La « table du machisme » : misogynie, hétérosexualité compulsive, homophobie et sexisme
Ce travail sur les cinq verbes de pouvoirs est inspiré d’un Bolivien, Marcelo Ponce, actif dans une association de promotion des femmes en Bolivie, qui travaille avec Quartiers du monde. Marcelo Ponce a aussi élaboré l’image d’une « table du machisme », qui tient sur quatre pieds : la misogynie, l’hétérosexualité compulsive (le fait de chercher toujours de nouvelles partenaires, de toujours vouloir séduire), l’homophobie, et le sexisme.

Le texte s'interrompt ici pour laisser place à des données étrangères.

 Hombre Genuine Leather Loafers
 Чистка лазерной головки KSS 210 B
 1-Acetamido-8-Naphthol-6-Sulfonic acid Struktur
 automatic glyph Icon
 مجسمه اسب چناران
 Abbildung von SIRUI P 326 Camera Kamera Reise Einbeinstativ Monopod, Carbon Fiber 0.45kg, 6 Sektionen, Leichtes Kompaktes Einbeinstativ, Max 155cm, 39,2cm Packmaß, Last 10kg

Comme pour toute table, si l’un des pieds est retiré, elle devient instable, voire s’écroule. « Nous voulons aussi travailler sur la question de la construction de l’identité de genre, et les questions intersectionnelles, en étant attentif aussi aux préjugés racistes, homophobes, aux rapports de classe », annonce Anaïs.

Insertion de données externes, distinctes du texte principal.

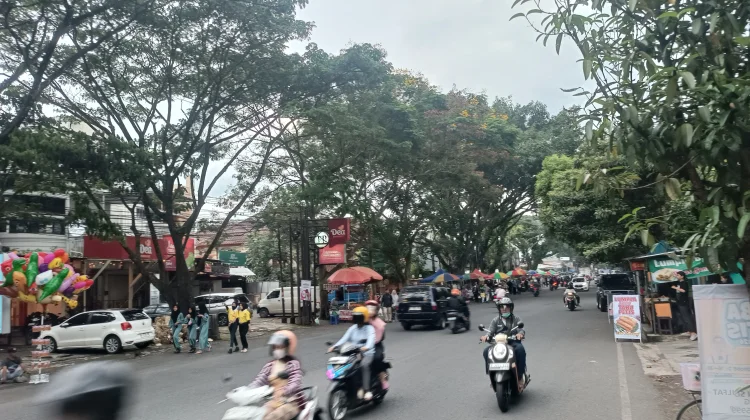 Pasar Takjil Sulfat, Salah Satu Primadona di Kota Malang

Ces questions apparaissent de fait dans les ateliers. En abordant le problème du pouvoir entre hommes et femmes arrive celui du pouvoir des plus riches sur les plus pauvres, des blancs sur les non-blancs, même entre femmes. En abordant la question des codes de la masculinité affleure l’injonction à l’hétérosexualité, en plus de celle à la virilité. « Quand on parle dans des cercles d’hommes, ce qui revient très souvent, même si ça peut sembler banal, c’est l’interdiction de pleurer qui est faite aux hommes, rapporte David. C’est aussi ça, le partage des pouvoirs, c’est aussi le partage de la sensibilité et des codes du féminin. Nous travaillons sur le droit à ne pas se reconnaître dans la virilité. Et à ne pas en être moins homme pour autant. »
Le cours particulier avec Eric Fassin du podcast Les couilles sur la table.

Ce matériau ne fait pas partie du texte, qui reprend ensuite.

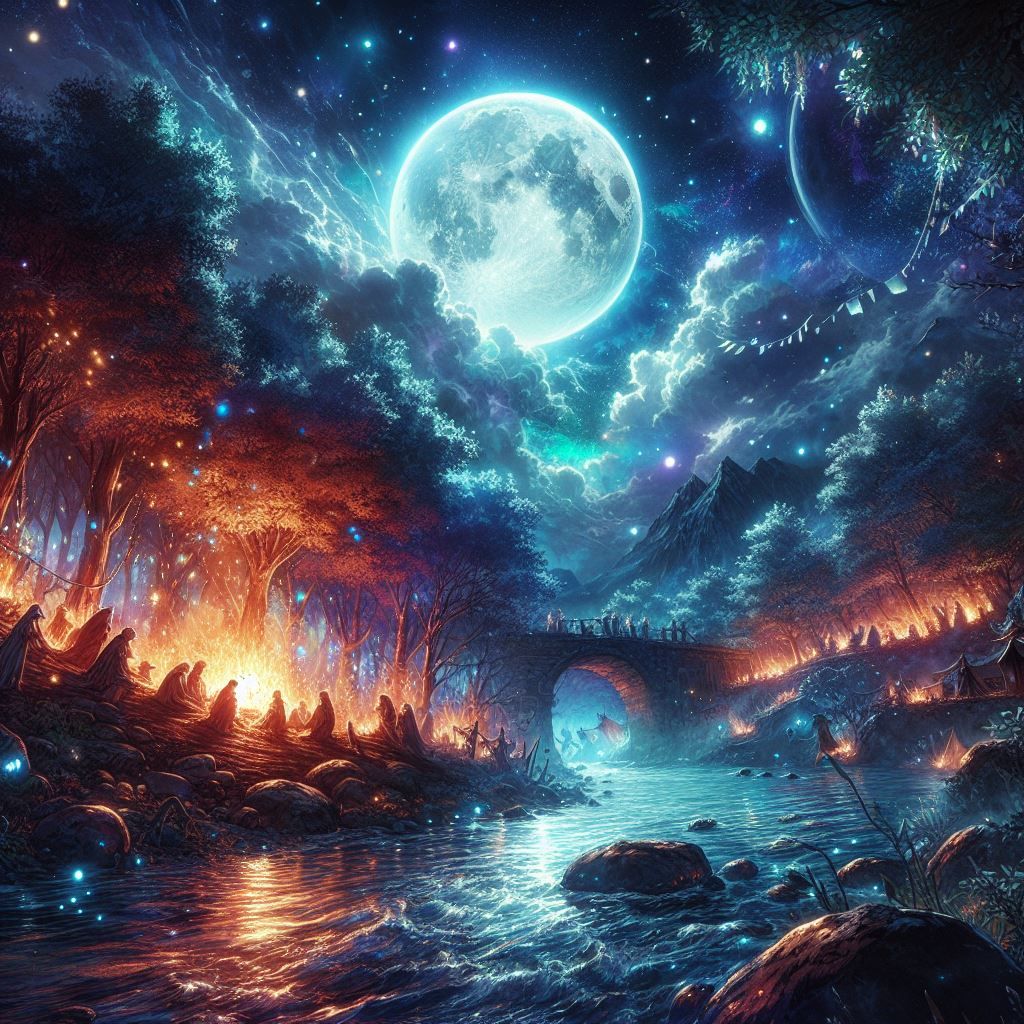 Magical Moonlit Nights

Travailler avec des détenus condamnés pour violences conjugales
Ces codes de la virilité, Simon Dubois-Yassa les connaît bien. Il travaille avec Anaïs et David sur les ateliers participatifs. Professionnellement, il organise de tels ateliers dans la région de Toulouse, mais non mixtes, exclusivement avec des hommes : en l’occurrence des détenus condamnés pour violences conjugales. « Ce sont des détenus en aménagement de peine. Ils sont en fin de peine et vivent dans un appartement en colocation, en autonomie. C’est une transition pour ne pas les laisser dans la nature à la sortie. Là, dans cet appartement, ils sont accompagnés pour les démarches administratives, l’inscription à la CMU par exemple. Sans ces aménagements, beaucoup repartent directement vivre avec leurs anciennes conjointes en sortant de prison. Comme ils ont été condamnés pour violences conjugales, ce n’est évidemment pas la solution. »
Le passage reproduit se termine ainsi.